Exercise directions: Look for the line containing "Tubaverseny - Concerto" and the line containing "BMW iX Center console 5A38971 9490613" in the entries below. Copy those two and all lines between them exactly, leaving out pictures.
* * * * * * * * *
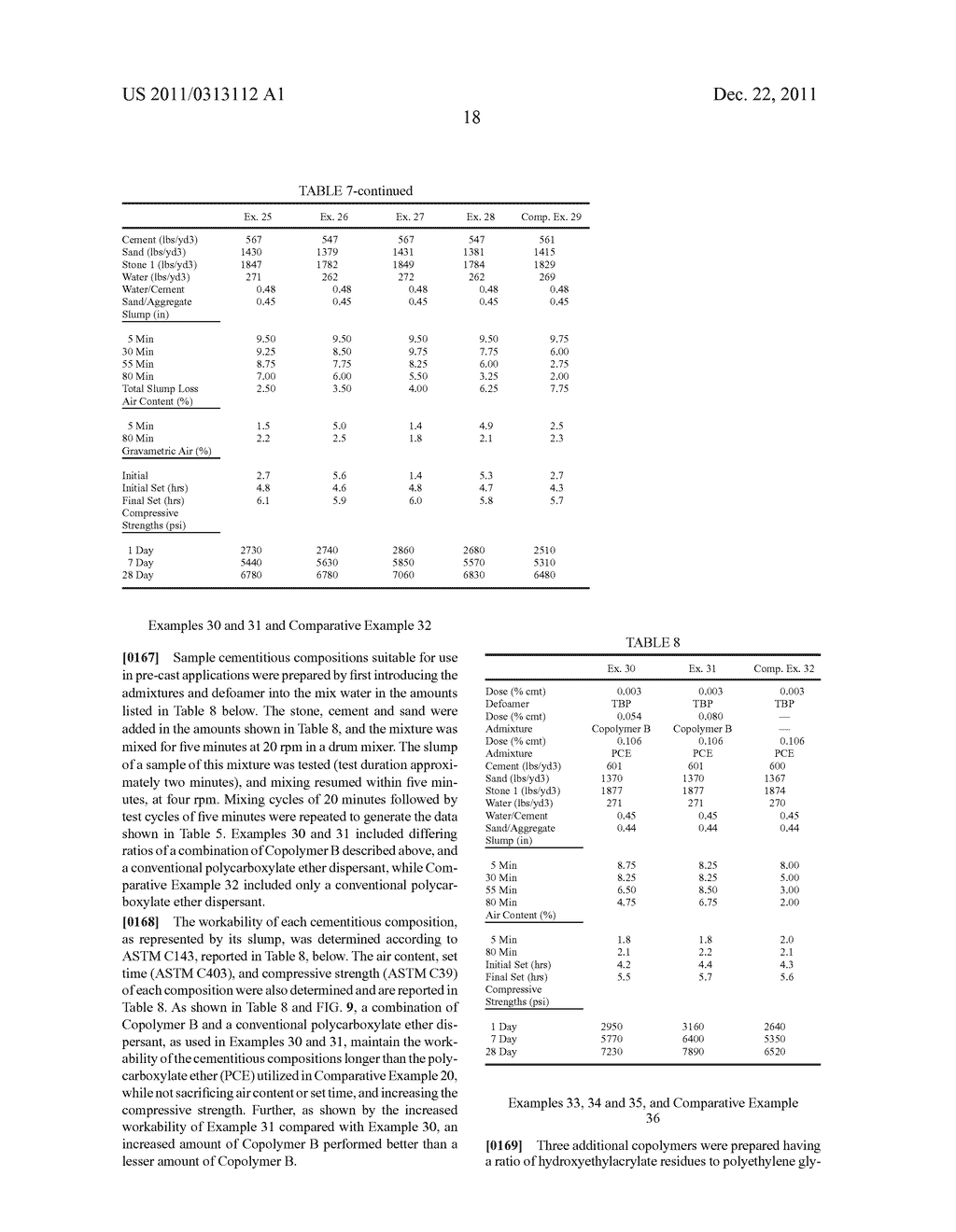 Copolymer Synthesis Process - diagram, schematic, and image 29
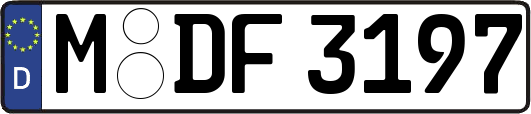 M-DF3197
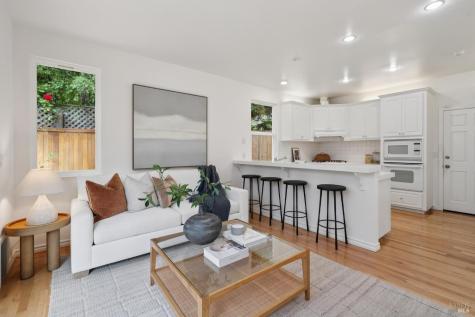 250 Loring Avenue Mill Valley CA 94941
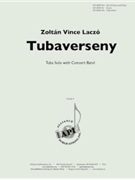 Tubaverseny - Concerto For Tba & Sym Bd - Set by for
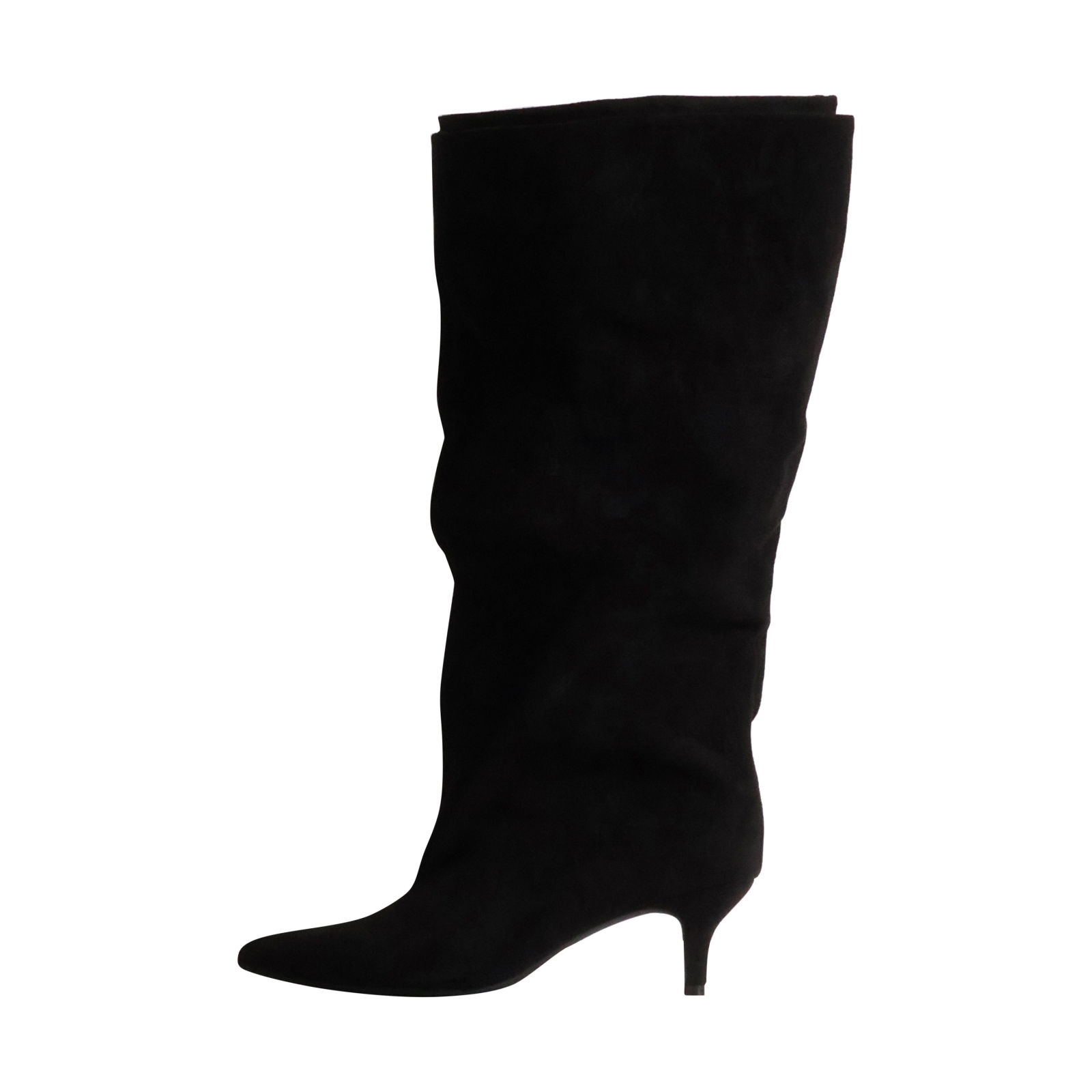 Bottes à Enfiler Super Mode Idéal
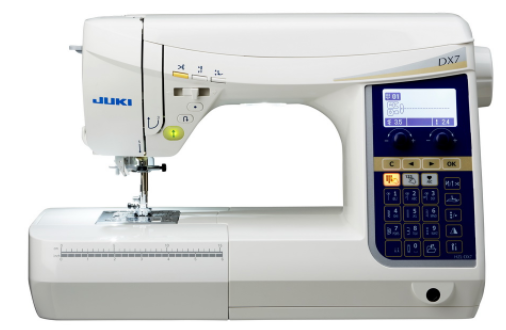 juki hzl dx series sewing machine hzl dx7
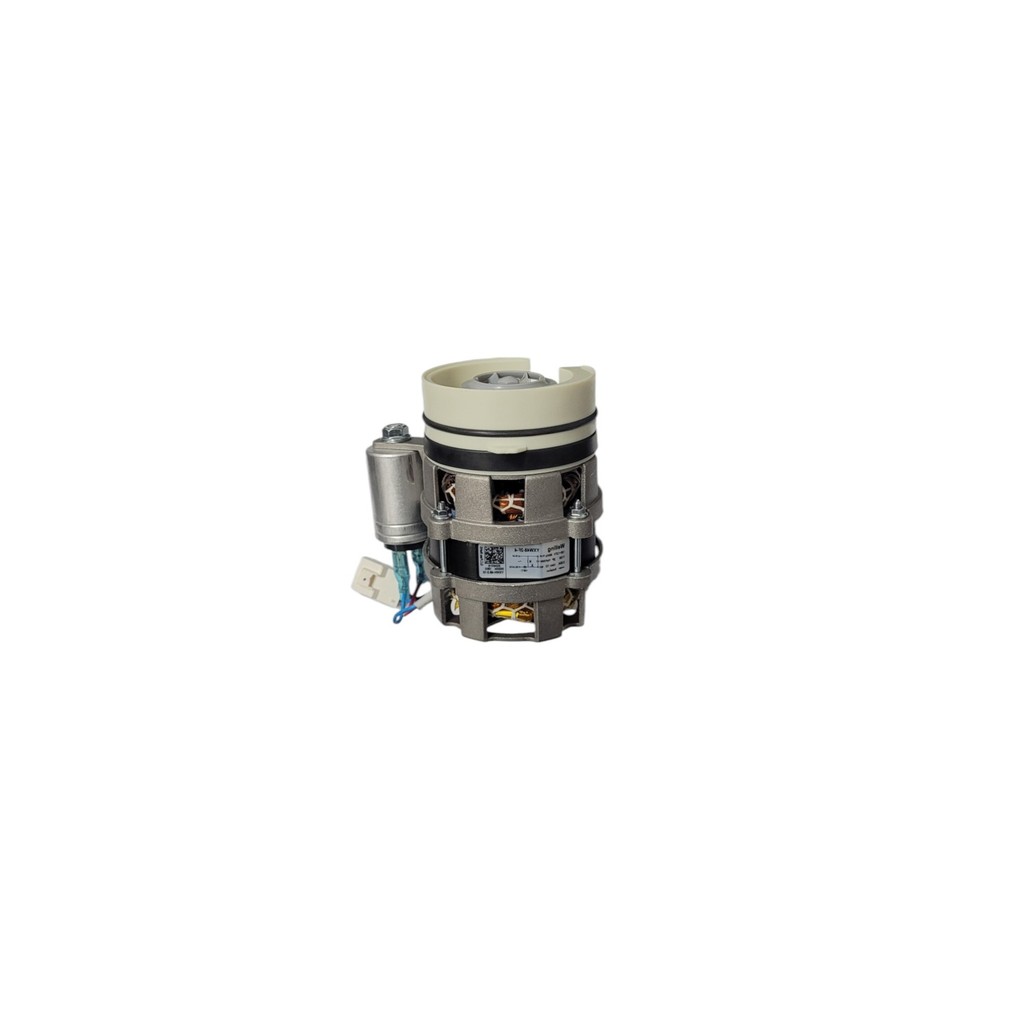 Eletrobomba Circulação Lava Louças Brastemp Consul W10732485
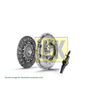 LuK Clutch Kit 620332222 thumbnail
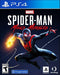 Marvel’s Spider-Man: Miles Morales (R1) – PlayStation 4, , Gamestore, Retro Games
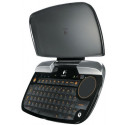 Logitech DiNovo Mini HTPC-tangentbord med musplatta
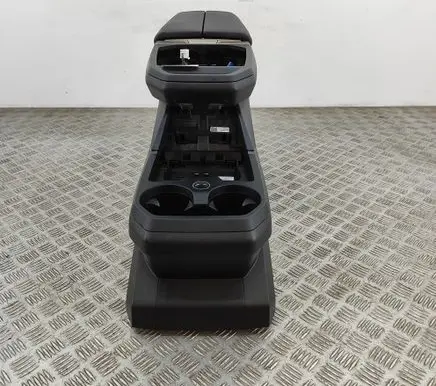 BMW iX Center console 5A38971 9490613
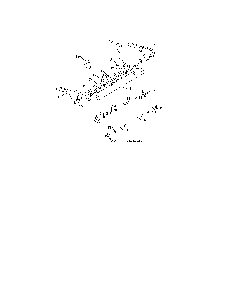 Control panel & levers Diagram and Parts List for 96198004604  Poulan Snow Blower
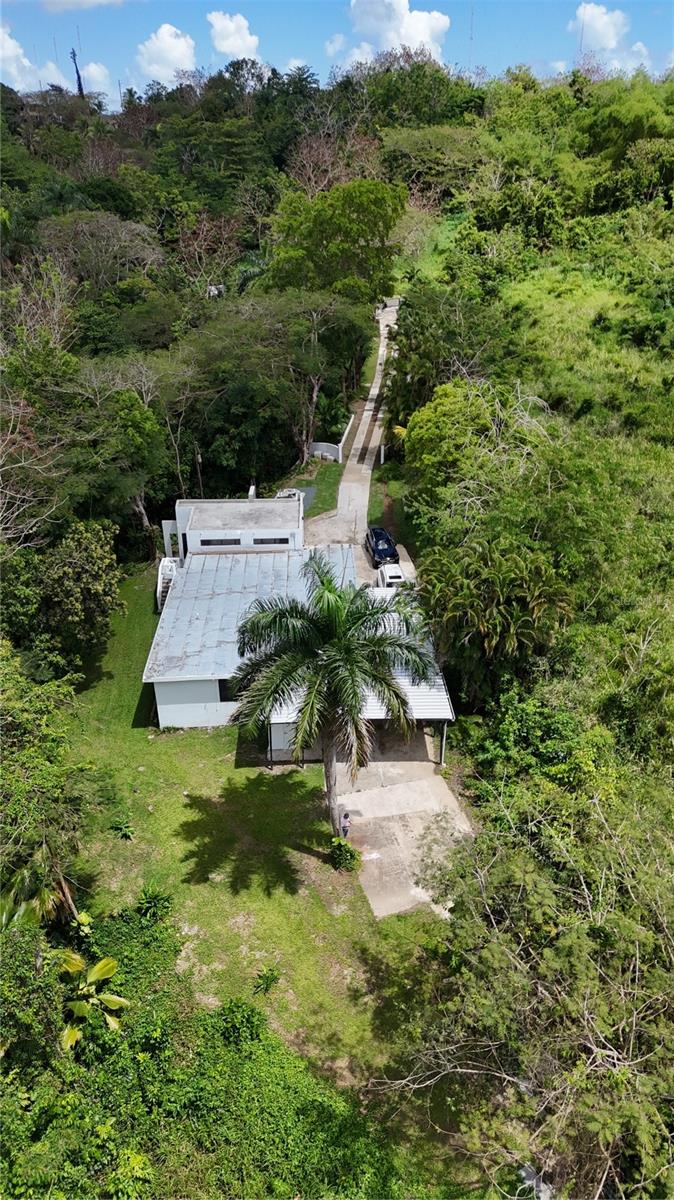 RIVERSIDE - Residential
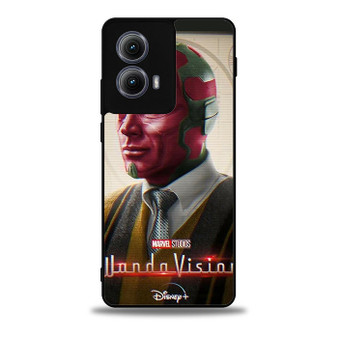 Wandavision 1 Motorola Moto Edge 5G 2024/ Moto Edge 5G 2025 Case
* * * * * * * * *
Answer box:
 Tubaverseny - Concerto For Tba & Sym Bd - Set by for
 Bottes à Enfiler Super Mode Idéal
 juki hzl dx series sewing machine hzl dx7
 Eletrobomba Circulação Lava Louças Brastemp Consul W10732485
 LuK Clutch Kit 620332222 thumbnail
 Marvel’s Spider-Man: Miles Morales (R1) – PlayStation 4, , Gamestore, Retro Games
 Logitech DiNovo Mini HTPC-tangentbord med musplatta
 BMW iX Center console 5A38971 9490613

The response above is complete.